Billi looked at Kay one last time, then deleted him forever.
16
THE ERUPTION HAD THROWN UP SO MUCH ASH THAT flights throughout Europe had been delayed. Now, two days after the eruption, the backlog of weary and irate travelers still hadn’t been cleared. People slept on the seats, on the floors, up against the walls. Long lines of cars and buses blocked the entrance to Heathrow Airport as the passengers were transferred to other airports or hotels, all being managed by a forlorn airport staff.
Billi and the other knights picked their way through the groups of abandoned passengers and climbed over piles of waiting luggage. It wasn’t yet seven, but the airport was overflowing.
Billi watched the news on one of the big overhead screens. The destruction of Naples dominated everything. Almost thirty feet of ash and rock had fallen over the city in the last two days, and only now were any rescue vehicles able to even approach the devastated city. Buildings had collapsed under the sheer weight of the falling debris, burying scores of people. Ash had set as hard as concrete, and the drills and picks and the desperate hands did little good.
Miracles still occurred. People continued to trickle out of the tunnels. They’d fled into the underground system, then walked out once the eruptions had ended. Thousands were gathered in an ever-growing refugee camp, and families pored over long lists plastered to wooden walls, hoping to find a relative or friend among the survivors.
“It seems so hopeless,” said a woman watching the coverage.
Hopeless? Maybe. But people still fought on. Billi stared at the small figures moving over the vast gray city like ants, struggling against the wrath of nature. That’s what humanity did, wasn’t it? Despite the overwhelming odds, it fought on.

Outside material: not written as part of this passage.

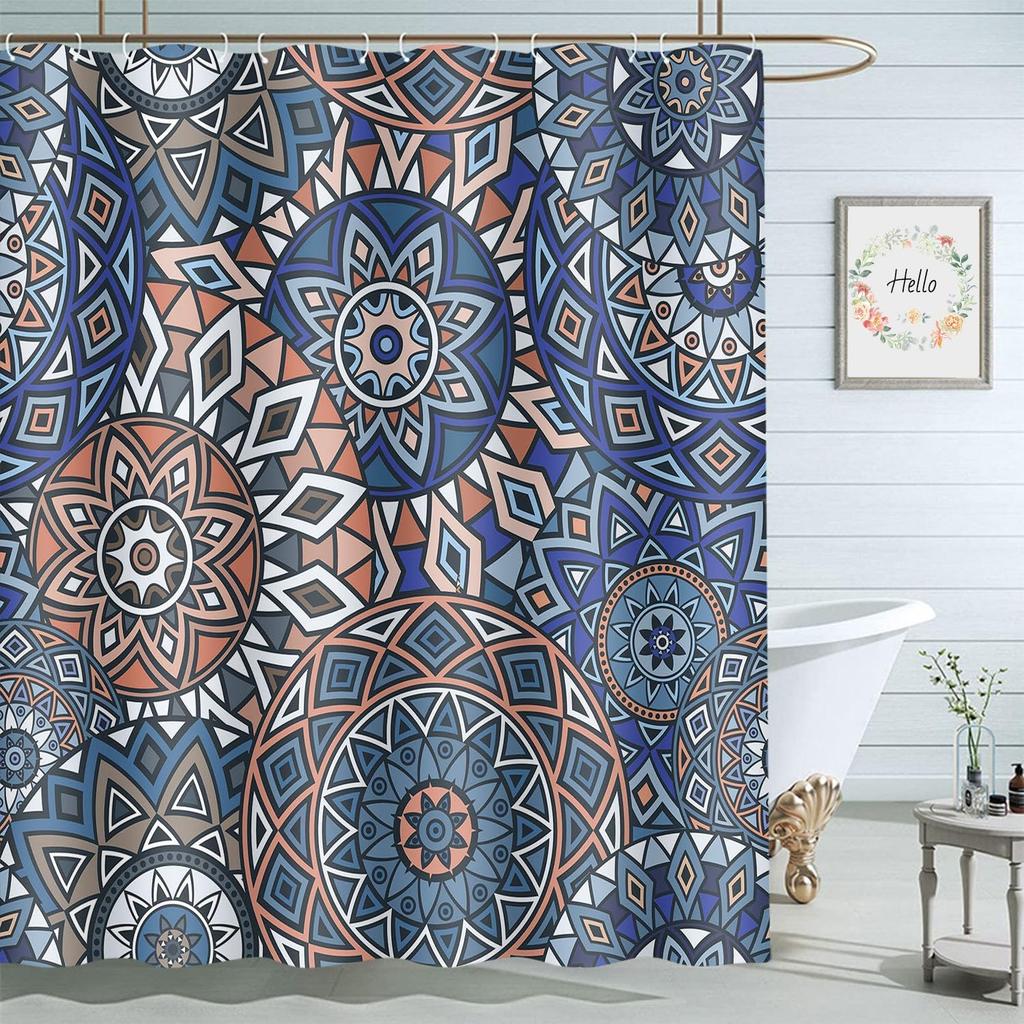 Purple Blue Spider Shower Curtain 72X72 Inch Bat Halloween Bathroom Curtains Set Home Waterproof Polyester Fabric With Hooks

No weapons. Arthur didn’t want anyone getting arrested at customs because they’d tried to smuggle in a broadsword. Lance knew an arms dealer in Moscow from his bad old days as a smuggler, and that was where Gwaine’s team would tool up. Arthur had friends across the waters in Finland, and they would deliver gear to the Karelia team. Each Templar had a package of Elaine’s wolfsbane poultices.

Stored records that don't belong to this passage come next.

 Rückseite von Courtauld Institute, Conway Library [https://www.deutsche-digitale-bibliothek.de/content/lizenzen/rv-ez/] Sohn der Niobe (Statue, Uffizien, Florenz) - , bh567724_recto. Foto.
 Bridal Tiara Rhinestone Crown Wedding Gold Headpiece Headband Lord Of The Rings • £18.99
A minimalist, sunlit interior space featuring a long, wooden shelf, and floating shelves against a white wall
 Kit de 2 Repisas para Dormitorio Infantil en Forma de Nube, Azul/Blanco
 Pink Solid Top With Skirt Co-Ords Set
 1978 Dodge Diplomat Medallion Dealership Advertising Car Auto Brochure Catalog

Billi pulled off her backpack while Elaine arranged the boarding passes. She scratched her shoulder blade. The claw marks had healed up nicely, but she had no plans to get bitten or clawed again. She’d put the roll of stinking brown cloth in an airtight Tupperware sandwich box, but still the smell seemed to linger on everything.

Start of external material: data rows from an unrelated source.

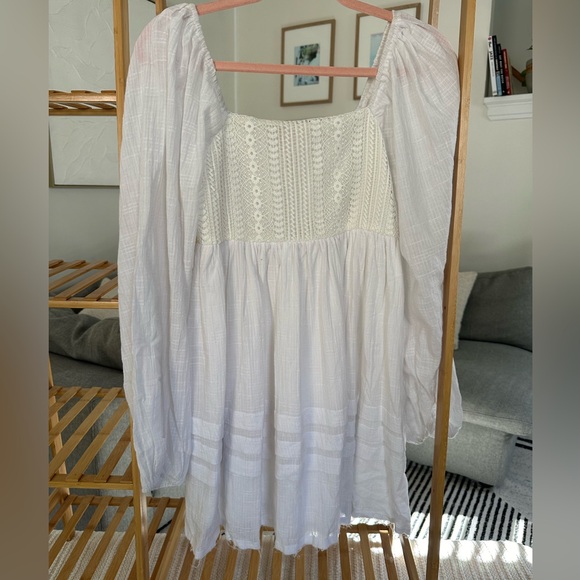 Pink Lily White long sleeve boho mini dress - Picture 7 of 7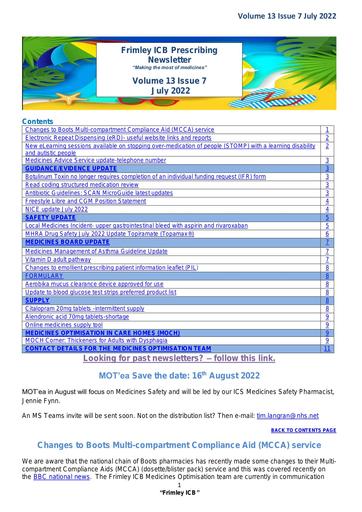 Frimley ICB prescribing newsletter July 2022.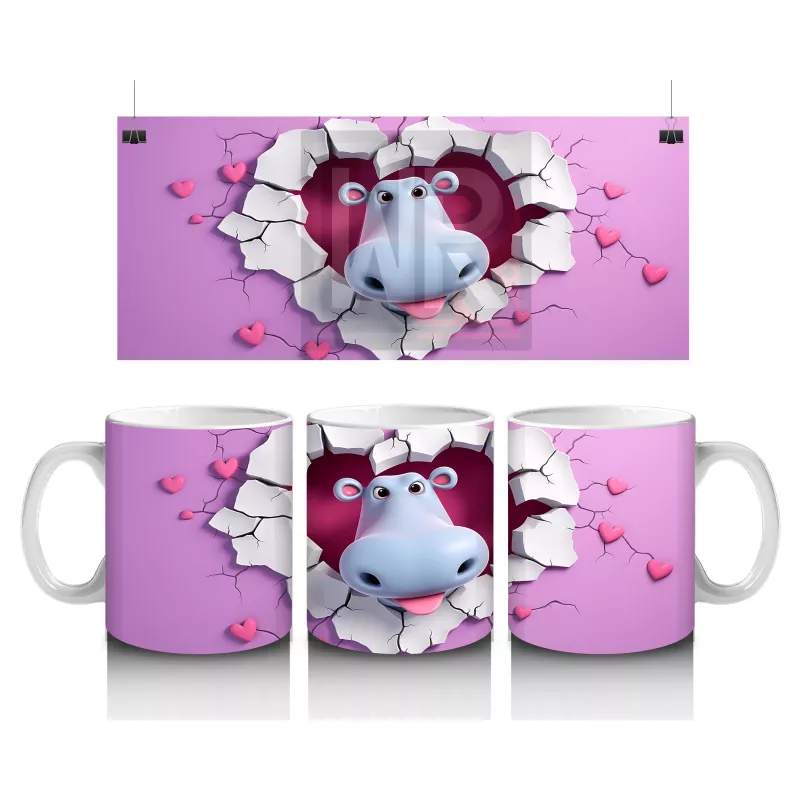 Kalplerle Süslenmiş Sevimli İnek Figürü - Baskılı Kahve Kupası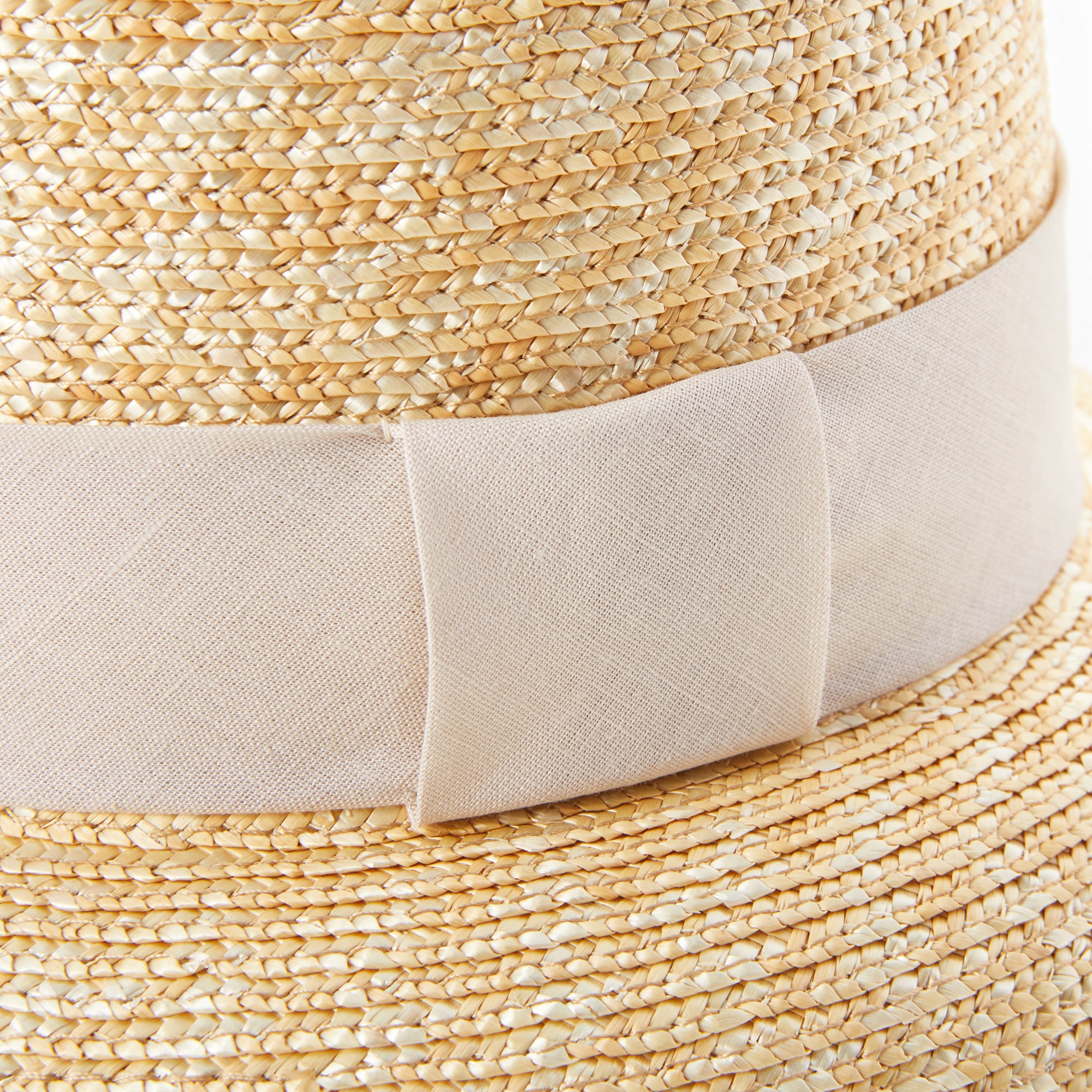 埼玉県　田中帽子の麦わら帽子「クロッシェハット（シエル）」アイボリーリボン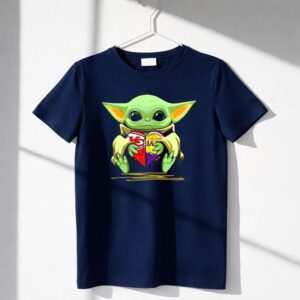 Baby Yoda Holding Mashup Logo Kansas City Chiefs and Los Angeles Lakers Heart Shirt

The Knights Templar gathered at the coffee shop on the other side of passport control. The Karelia flight was just before the Moscow one.
Arthur brought his latte over to Billi.
“How are you feeling?” He sat down stiffly.
“Better than you, I think.”
“Funny girl.” He stirred in his sugar, and the chair creaked as he leaned back. “It’s going to be a bad one, Billi.”
Like she didn’t know. They were going in blind. Here in Britain the Templars had secret contacts and hideouts scattered across the country. Russia was the unknown. It was Baba Yaga and the Polenitsys’ heartland. They’d be outnumbered ten to one, at least.
“Tell me about the Bogatyrs,” Billi said. Everything had been so rushed, she’d had no time to find out about the Russian knights.
“Christian warriors, set up before the Templars. The Russians never got involved in the Crusades; their enemies weren’t the Saracens, but the followers of the old ways-pagans, witches, the werewolves.”
“And what about this Romanov bloke? Alexeithingamajig?”
“Alexei Viktorovich Romanov. Please get the pronunciation right-he is royalty. Great-grandson of Tsar Nicholas, if I remember correctly.” Arthur scratched his beard, trying to remember what else he knew. “The story is that everyone in the royal family was killed at the beginning of the Russian revolution. That much is history. But there were always rumors that one Romanov survived; the princess Anastasia. She was saved by the Bogatyrs. Since then her children and her children’s children have served, and led, the Russian order of knights. Stalin tried his best to wipe them out, and they went into hiding, like us. But after the collapse of the Soviet Union, the Bogatyrs became active again, under the leadership of Alexei. Tsar Alexei.”